The opportunities presented by the digitalisation of engineering and manufacturing in the UK will be critical. Nations that lead this transformation will attract investment from high-value global businesses and foster technical innovation. Those that don’t will risk losing these industries. Any such loss of UK product engineering capabilities will have negative long-term implications for all industrial sectors.
'Design & Engineering is the bridging capability between science/technology and manufacturing with greater than 75% of product life-time costs set early in the engineering process'
There is much talk of 'Industry 4.0' with the majority of the discussions currently centred on the digitalisation of our manufacturing processes. Whilst the direct impact on the manufacturing of a product is sometimes easier to understand and communicate, the term 'manufacturing' is sometimes used wrongly in the context of 'Manufacturing Industries' and this has led to a significant 'blind spot' when it come to the process of engineering, validating and certifying the product itself. Design & engineering is the fundamental bridging capability between science/technology and manufacturing enterprise, with greater than 75% of product life-time costs set early in the engineering process. It is highly influential over markets and industrial solutions with the choice of systems architectures, production processes and supply chain defined early in the development cycle.
A fundamental transformation of the product engineering process is essential to achieving future competitiveness.
Existing engineering capabilities, based on sequential approaches and extensive physical testing, are incapable of delivering the accelerating complexities of future product. This fundamental shortfall is common across all sectors, and is driven by increasing customer, environmental and legislative demands. Advanced engineering businesses, and their supply chains, must transform in order to compete. Amplifying the challenge, the definition of regulatory frameworks and subsequent compliance and in-service monitoring is matched in complexity. Natural evolution will fall significantly short of expectation. A fundamental transformation of the product engineering process is essential to achieving future competitiveness. Key to success will be the fusion of advanced digital technologies with best-in-class product engineering capabilities to deliver physical resource intensive processes in a digital environment. Higher resolution, faster and cheaper!

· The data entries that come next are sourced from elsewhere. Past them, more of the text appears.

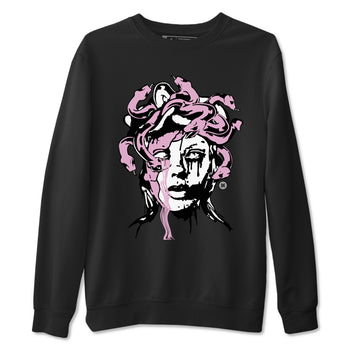 4s Retro Orchid shirts to match jordans Medusa Statue sneaker match tees Air Jordan 4 WMNS Orchid match shoes to clothes SNRT Sneaker Tees unisex cotton Black 2 shirts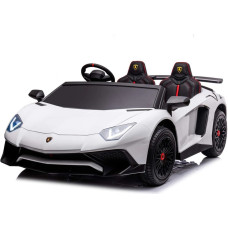 KIKKABOO wiederaufladbares Auto Licensed Lamborghini Aventador SVJ White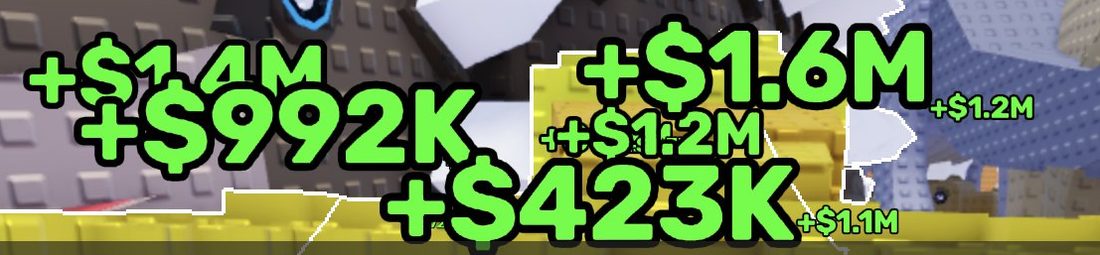 Cash popups appear as your pets earn money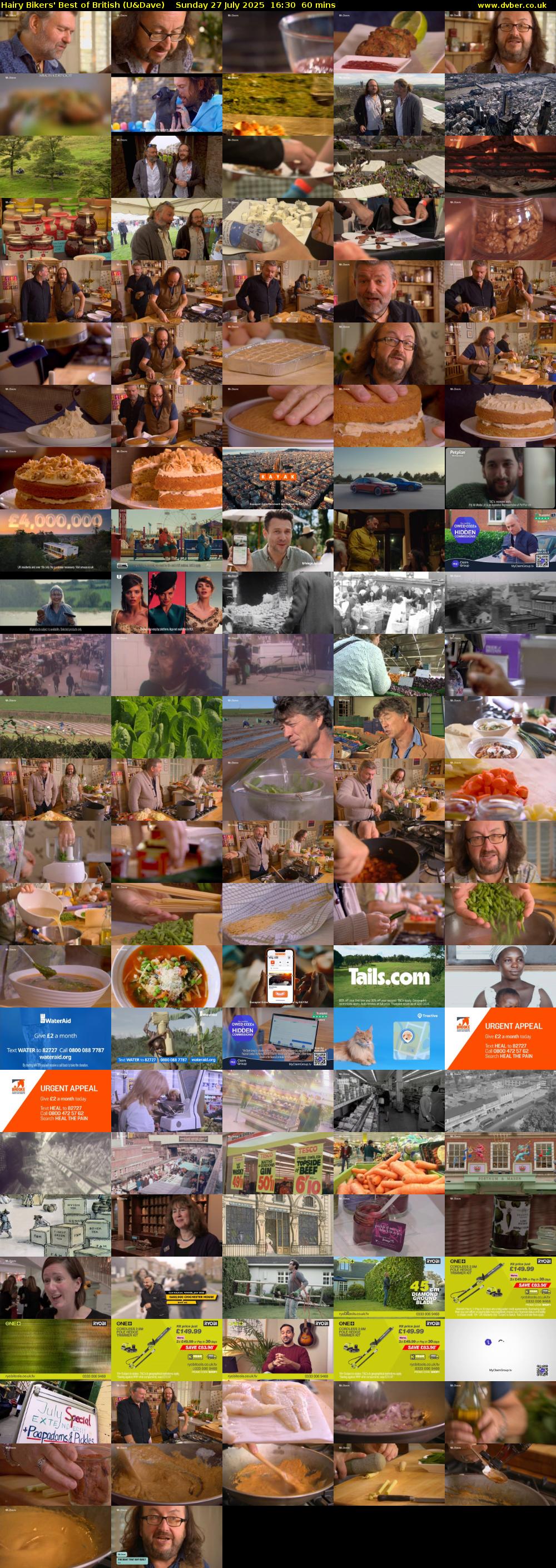 Hairy Bikers' Best of British (U&Dave) Sunday 27 July 2025 16:30 - 17:30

The first 3 Industrial Revolutions were forged in the UK by harnessing our sovereign might in science, innovation and engineering. As we seek to define our post-Brexit identity in a global market where protectionism is a growing reality, embracing our rich national digital landscape and re-asserting our innovation and engineering capabilities should sit at the heart of the 4th Industrial Revolution and our Industrial Strategy.
We must engage the next generation of engineers within a co-ordinated programme of engineering capability development...
If we are to succeed though, the Government, automotive sector, technology sectors, research establishments and academia must all work together. This means bringing digitalisation to the forefront of the Government’s new industrial strategy and working in partnership to ensure we grasp the opportunities this technological shift presents. We must engage the next generation of engineers within a co-ordinated programme of engineering capability development. We must exploit innovative ways for knowledge capture and user engagement to ensure that an appropriate workforce is available to secure a resilient capability. By doing this, we can help to ensure that the UK positions itself as progressive and innovative, and accelerates its inherent global competitiveness.
It is time to re-assert our Sovereign capability of product innovation and engineering and once again make it the sustainable engine room of our economy.